Les derniers jours de Paris
À la brasserie Lipp, le soir, je tombe sur Picasso. J'aperçois aussi Georges J. en uniforme d'officier. C'était un drôle de type assez amusant et bohème autrefois, et très spirituel, mais il vous portait un peu sur les nerfs avec ses façons de pédéraste qu'il tenait à afficher à la tribune des journalistes de la Chambre. Il dit que ça ne va pas bien du tout.
- On perd du terrain.
- Mais pas en France ?
- Non, mais tout de même. Les Boches sont des gangsters ;
Les Belges des salauds ; les Luxembourgeois aussi avec leurs vingt-sept soldats.

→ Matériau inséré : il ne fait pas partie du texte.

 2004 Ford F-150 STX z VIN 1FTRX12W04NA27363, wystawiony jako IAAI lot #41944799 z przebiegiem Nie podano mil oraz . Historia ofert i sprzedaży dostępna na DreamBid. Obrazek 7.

Il est digne. Maintenant qu'il est officier, il a quitté son air république-des-camarades, et il ne vous tutoie plus. Il a l'air plutôt soucieux. Nous sommes là, dans la brasserie Lipp brillamment illuminée, comme si rien n'était arrivé. Nous buvons du vin d'Alsace, - simplement parce qu'il y a là-bas des millions de jeunes gars français pour tenir le Boche en respect. Oh, c'est horrible à s'avouer, et un peu humiliant.
Correspondant du Guardian à Paris en juin 1940, Alexander Werth tient le journal de l'attente. Écrites en français, sur le vif, pendant ce gros mois de fin de printemps où tout paraît encore possible, ces pages inédites sont comme le compte à rebours d'une histoire dont on connaîtrait la chute. Un testament exceptionnel où, durant quelques heures volées à l'abattement et à la peur, Paris est une fête.